I'll phrase the question you were given in this problem so that others may see it better.



> Create an application that declares two instances of the Pizza class that sets and displays their fields.


So you have a Pizza class that you created ( pseudo-code for one that you have shown ). What you are being told to do is create two instances of the Pizza class, which mean creating two objects. In most languages, this means you would have it like this:

Pizza pizza1;
Pizza pizza2;

That way you have two pizzas to work with in your application.

Next, you would set their fields. 



> Size: num
> Toppings: string
> Price: num


These are your fields.
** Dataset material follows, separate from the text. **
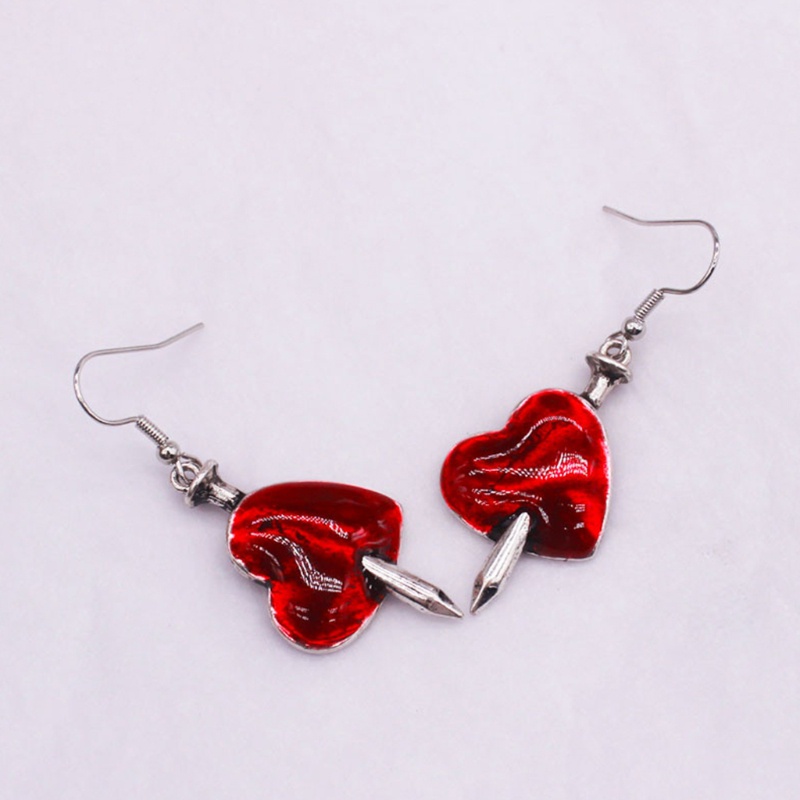 SIY  Goth Dark Sword Drop Earrings Wounded Heart Red Oil Drip Halloween Party Earrings for Women Fashion Jewelry Gifts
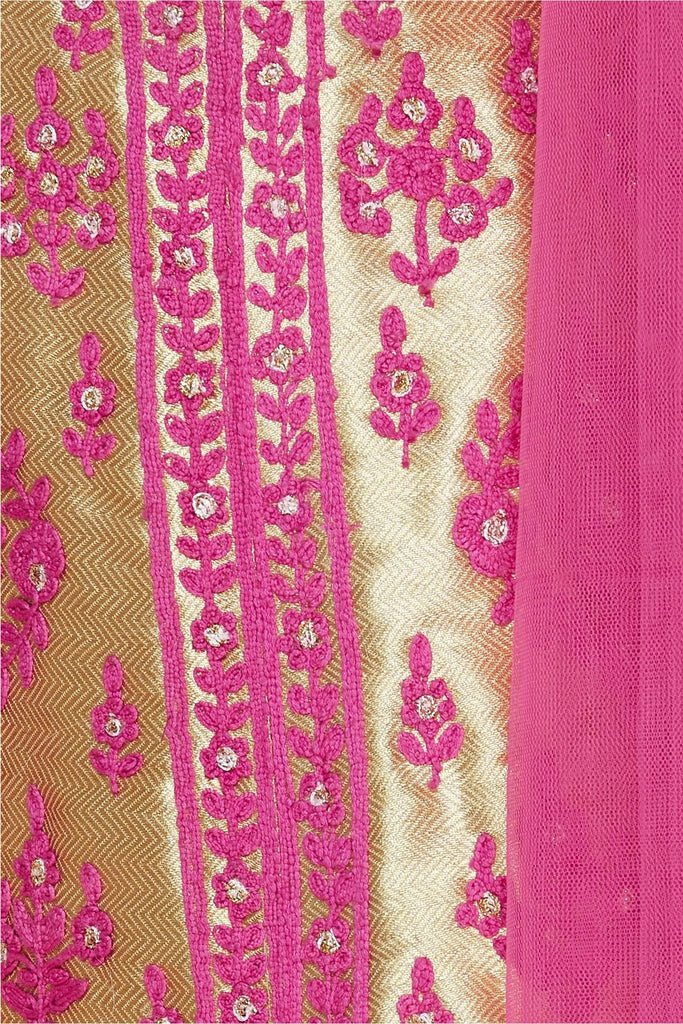 Threadwork embroidered lehenga set with dupatta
What you would do is have the class Pizza have either a constructor method or a few methods that would set these fields.



> Constructor way of doing it:
> 
> Pizza pizza1( Size = 6, Toppings = "Cheese", Price = 20 );
> Pizza pizza2( Size = 7, Toppings = "Pepperoni", Price = 24 );





> Multiple method way of doing it:
> 
> Pizza pizza1;
> Pizza pizza2;
> ...


Both ways are valid, but one is just easier to look at. Most people will make their class have both constructors and multiple methods to do these things.

For the last part you need to display the values of the fields. If you're doing it from the console it might look something like this:



> Console.Display( "Pizza 1 size: ", pizza1.GetSize() );
> Console.Display( "Pizza 1 toppings: ", pizza1.GetToppings() );
> Console.Display( "Pizza 1 price: ", pizza1.GetPrice() );
> 
> ...


This means that you would simply have your class have methods that return the values of the fields it has. Note that all this I'm displaying is from no real language I use, it's just more code-like pseudo-code. I'm not sure what language you may be using, but this should be universal enough in concept to be used in any OOP language.

Hope this helps!


----------



## crowleyc625 (Mar 2, 2011)

actually this does help we are just learning basics so it only has to make some kind of logical sense.


----------